Comme l’avait annoncé dans un premier temps le Ministère de l’Intérieur, ce suspect est déjà connu des services de police pour recel, dégradation de véhicule et vol simple. Il était placé sous régime de curatelle.
> "Une forme très particulière de suicide"
Pour les experts, et alors que l’enquête des forces de l’ordre ne fait que commencer, l’élément le plus marquant de ce nouveau drame est le fait que le conducteur de la camionnette se soit asséné plusieurs coups de couteau au thorax. "Qu’il se poignarde lui-même après avoir foncé sur la foule est important", a analysé Roland Coutanceau, expert national en psychiatrie, sur BFMTV.
"C’est une forme très particulière de suicide, qui ressemble à ce qu’on appelle des meurtriers de masse, des sujets qui agressent plusieurs personnes avec la volonté de les tuer, sauf qu’ici le fait de se suicider est intégré dans la dynamique de passage à l’acte", a-t-il ajouté. "C'est une manière très agressive de ponctuer sa fin de vie, en accompagnant avec lui un certain nombre de concitoyens."
> Un mode opératoire qui suscite des questions
"C’est une forme de passage à l’acte suicidaire tout à fait exceptionnel", a souligné de son côté le criminologue Jean-Pierre Bouchard, toujours sur BFMTV. "Il a choisi de suicider en public en agressant d’autres personnes avec son véhicule C’est ce qu’on appelle un suicide élargi, ou alors une tentative de suicide élargi".

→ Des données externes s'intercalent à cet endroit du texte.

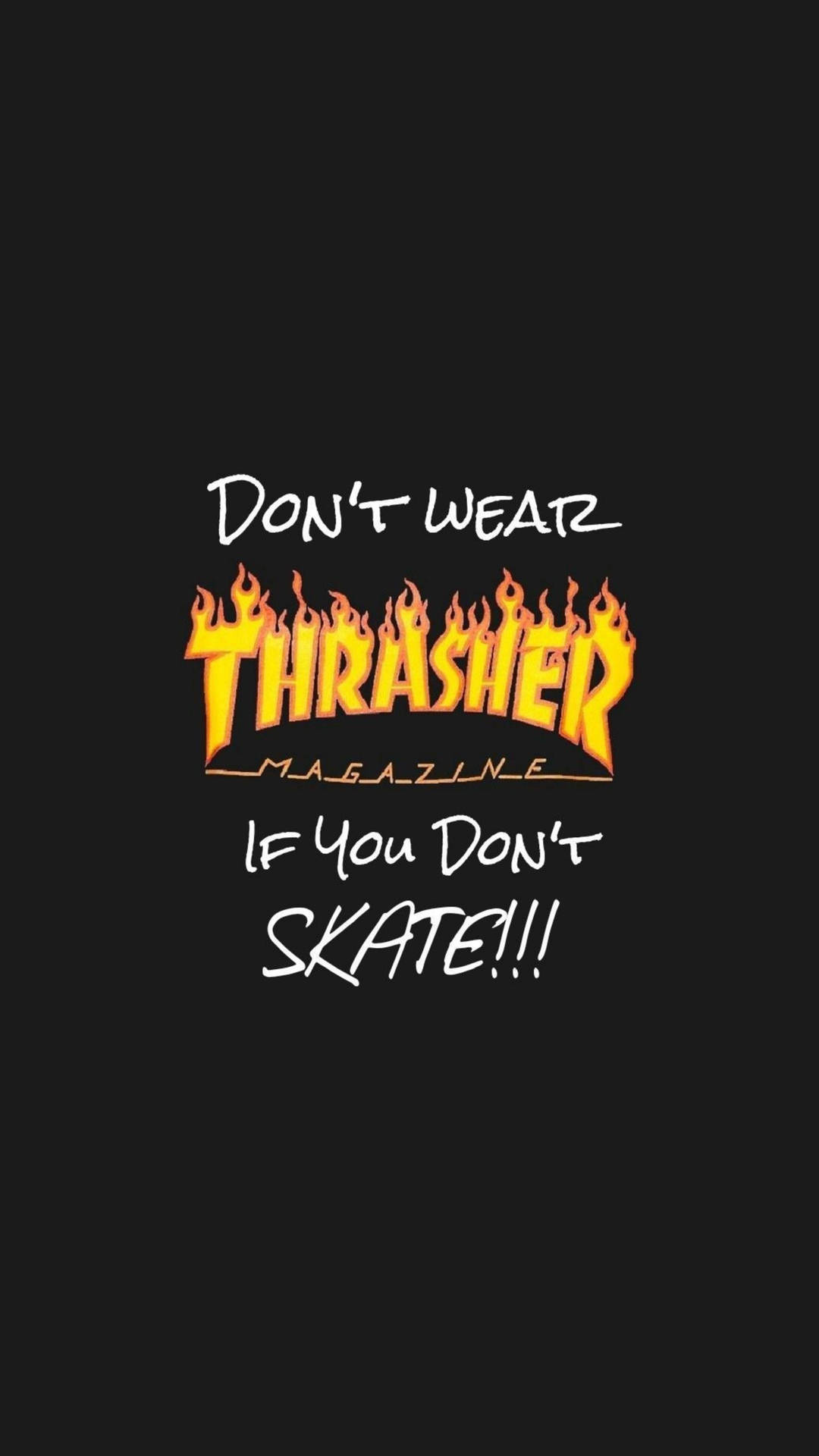 Thrasher Skate Aesthetic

Ce qui surprend d’autant plus ce spécialiste, c’est le mode opératoire utilisé par le forcené pour mettre un terme à ses jours une fois son acte réalisé. "Il décide de s’auto-mutiler, avec acharnement, alors qu’il existe des modes opératoires de suicide beaucoup plus efficaces et plus rapides", a encore souligné ce criminologue.
Le lieu du marché de Noël a-t-il été choisi par hasard? Pour nos deux spécialistes, il n’est pas impossible que ça ait eu un sens pour le conducteur de la camionnette. "Pendant la période des fêtes de fin d’année, où tout le monde est heureux, certains sont désespérés et en difficulté. Ça peut les pousser à l’acte", a expliqué à ce titre Jean-Pierre Bouchard.
> Trois événements hors-normes en trois jours
Un jour après le drame de Dijon, où un malade mental a foncé sur treize personnes en voiture, la ressemblance entre les deux affaires interpelle. Est-il toutefois possible de faire un lien entre les deux? Officiellement, non. L’Elysée a expliqué dans un premier temps que les événements de ces trois derniers jours "semblent sans rapport entre eux". Sur place lundi soir, Bernard Cazeneuve, le ministre de l’Intérieur, a bien insisté sur le fait que "tous ces actes doivent être replacés dans leur contexte".
"Il peut y avoir dans l’effet de médiatisation quelque chose qui inspire celui qui s’apprête à frapper", a nuancé Roland Coutanceau. "Dans l’affaire nantaise, on peut se demander, c’est une question, si le mode opératoire, qui est particulièrement la portée de tous, celui de foncer sur des piétons, a été inspiré ou pas par l’affaire de Dijon."
Gare toutefois aux éventuels amalgames, a-t-il averti. "Peut-être que l’auteur de Nantes s’est inspiré de celui de Dijon sur un aspect particulier, mais que sa motivation et sa personnalité sont très différentes."